- Platform PS3
- Publisher SCEE
- Developer Quantic Dream
- Release Date 11/10/2013
Beyond: Two Souls Review
David Cage's creative mind gives birth to another classic.
Beyond: Two Souls is a game about a woman who is torn between life and death. She is tethered to a ghost-like entity named Aiden who has been with her since she was born. She both loves and hates Aiden; he’s both her constant companion and the one who stops her from living a normal life. In one sequence, when Jodie is a punky adolescent, she pines about her desire to be like other girls her age, even though her connection to Aiden makes her special. Beyond: Two Souls has a similar problem, it’s torn between emulating the style of other games, and embracing its own nature as something mysterious, beautiful, and even frightening to some.
Beyond openly admits to the player that they only have a limited affect on the narrative.
What’s most distinct about Beyond: Two Souls is its unique narrative style. The story is told in segments from Jodie’s life, from childhood to adolescence to adulthood. You play these sequences in a non-linear fashion, jumping back and forth between different points in time. This mode of presentation is both a strength and weakness for Beyond when compared to its Quantic Dream “interactive fiction” predecessors Fahrenheit and Heavy Rain. Heavy Rain was a tightly paced thriller that thrived on tension, and instilling on the player how profound each choice was, how every action had to be weighed against future consequences. Beyond openly admits to the player that they only have a limited affect on the narrative. You’ll play segments from later in Jodie’s life and know for certain that no matter what you do during the earlier parts, some characters will die, some characters will survive, and her life is largely already written for her. You won’t have to regularly make such consequential decisions as whether to lop off your own finger to save a family member. Beyond is more of a detached experience, and this was initially one of my biggest disappointments when comparing it to Heavy Rain.

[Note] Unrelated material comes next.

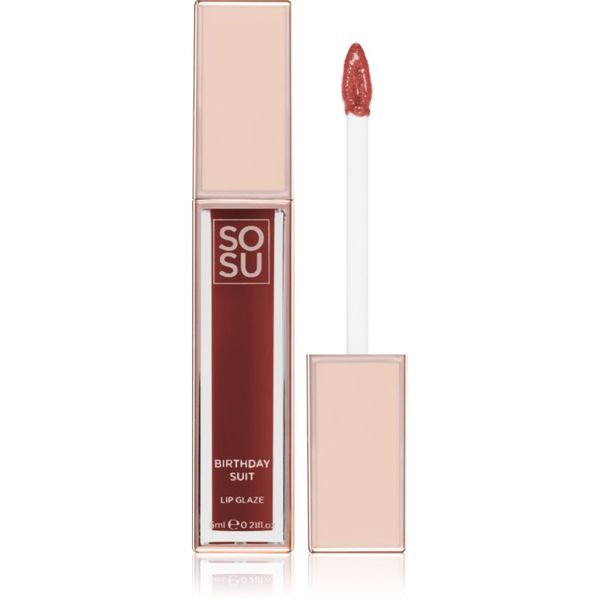 SOSU Cosmetics SOSU Cosmetics Satin Lip Glaze vlažilni sijaj za ustnice odtenek Birthday Suit 6 ml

Like Heavy Rain, a great deal of Beyond’s action comes in the form of Quick Time Event sections, in the classic Dragon’s Lair “push a button when prompted” style. With the game designers wanting to minimise the game’s interface as much as possible, many QTE segments are based on pushing the right analogue stick in the direction you expect Jodie to punch, block, dodge or perform some other action in. Sometimes, though, this isn’t as intuitive as it sounds, especially when ducking and diving over rocks and trees in a dark forest, or avoiding shadowy, indistinct demons. Still, no matter when I screwed up for lack of clearly defined prompts, I didn’t die once in my entire playthrough. Beyond is a very forgiving game, even on its highest “I play games often” difficulty setting, and there’s very little consequence for failure as in Heavy Rain.
The drama of the constant hectic choices and possible grim outcomes in Heavy Rain are replaced by the desire to piece together Jodie’s life. The segments you’ll play through are linked together in such a way as to gradually reveal more about the mysteries behind Jodie’s origins and her link with Aiden. Many “levels” in Beyond revolve simply around gathering information. There’s potential for teamwork in how Aiden can bring important objects to Jodie’s attention, float through walls to eavesdrop on conversations, and even help Jodie speak with the dead.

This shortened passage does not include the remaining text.